What should medical students know before they sign onto a career as a physician?  

Medical students would do well to consider what they find most meaningful about the work they’ve done so far. Perhaps it has to do with a procedure, alleviating a systemic problem, clinical research or connecting with patients. Prioritizing meaning helps give us a little bit of immunity against burnout. It’s not a cure-all and it can only go so far, but when we lose a sense of meaning and connectedness to our purpose, we’re really in trouble.  
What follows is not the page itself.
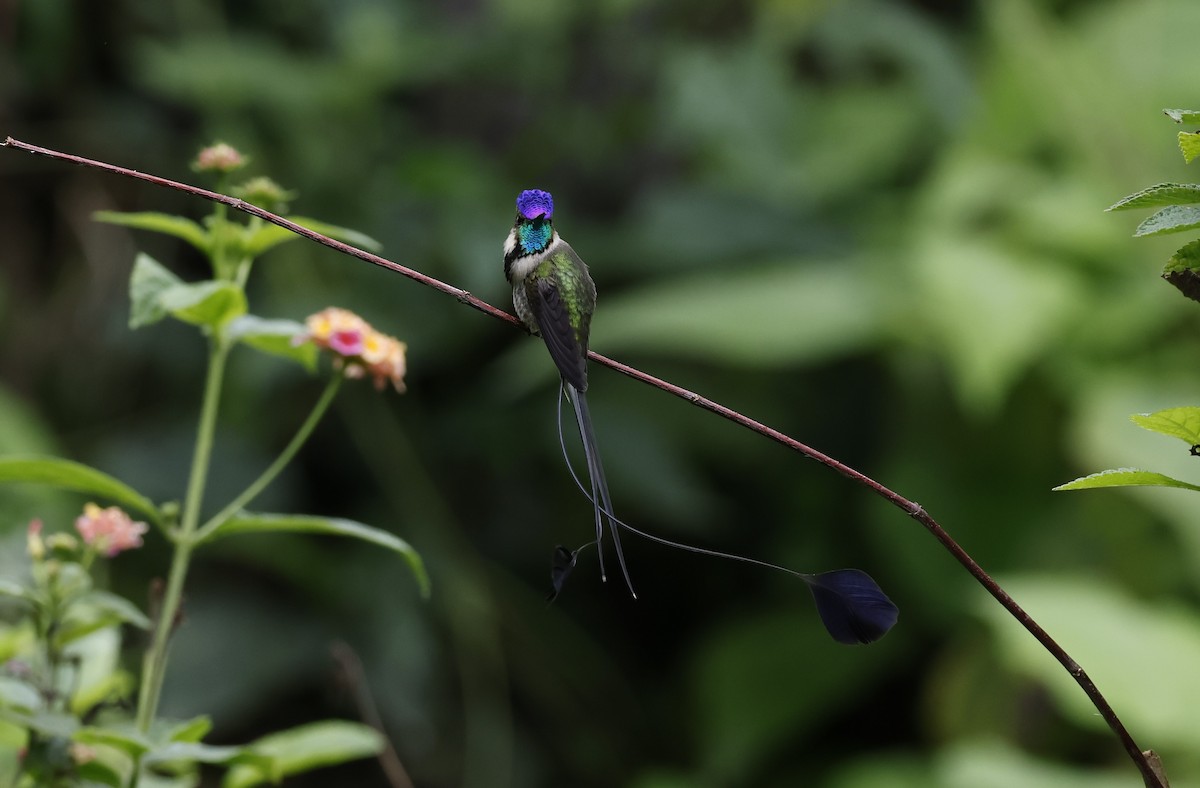 Marvelous Spatuletail - ML646277539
The CMA’s NPHS showed that women, medical residents, caregivers of a child or parent and respondents working in a rural or remote area were significantly less satisfied with their current jobs or training positions and experienced more negative wellness outcomes. Is there a specific solution to help retain these at-risk groups?  

First, we need to validate their experiences in medicine. We need to create national dialogues where health leaders come out and say, “This isn’t just somebody’s ‘opinion’, this is a real phenomenon and it is undeniable.

This is what it’s like to be a woman in medicine in a historically patriarchal system, to be a person of colour surrounded by people who aren’t BIPOC and have no idea of the additional burden you carry, to be dealing with a disability and feel you must hide it or function with it despite an unforgiving environment or struggle to get appropriate accommodations.

We need organizations like the CMA and other national counterparts leading and normalizing these conversations, and then we have to follow up with policy changes. We’re very good at creating standards for many other things in medicine but haven’t caught up when it comes to establishing equitable practices for many groups.  

One of the CMA’s areas of focus is supporting the physical, psychological and cultural safety of health professionals. What role does safety play in ensuring that doctors will continue to show up for their patients? 

Let’s start with physical safety. Physical safety is not a given for some physicians. In emergency departments, for example, they are experiencing all kinds of aggression and sometimes threats, and that is a huge impediment to being able to do your work and believe that your work is meaningful. A lack of psychological and cultural safety poses the same kind of threat, although we don’t always understand or acknowledge that.   

One interesting thing we know from the literature is that the people who are the most empathic, the people we most want to deliver that compassionate care to us and to our families, are the ones who sustain even more injuries from working in environments where they see a lot of rudeness, a lot of interpersonal cruelty, and disrespect.  

The other thing we know is when people receive culturally safe care, they get better care. They have better outcomes. And, we always say in medicine, one of our priorities is ‘excellence’. And culturally and psychologically safe working environments are a critical foundation for delivering excellent care to patients.  

Affordability and housing are at the forefront of public discourse right now. Why does physician fulfillment matter in this context? 

We need to help the public understand why that question is so important. A doctor in an unworkable environment may struggle to care for them in a way that is satisfactory to both the patient and the doctor in terms of meeting the basic goals of care. That is part of what threatens fulfillment.

So, we’re not talking about financial gains, or physicians being happy with their incomes, we’re talking about – is my physician satisfied with their work and able to do a job they’re proud of? Do they have enough time to complete everything during their clinical day or are they worried about missing things? Are the cognitive and emotional loads too heavy?

If physicians don’t experience job satisfaction, they aren’t going to continue to give the 110%, 150%, 200% that the medical system has counted on. When physicians are burned out, patients suffer. When physicians are burned out, organizations suffer.

That’s one reason why this professional fulfillment piece is so critical. It offers us a roadmap that is aspirational, so when we feel overwhelmed by a health system that is broken, we don’t just check out or walk away. 

This interview has been edited and condensed for clarity.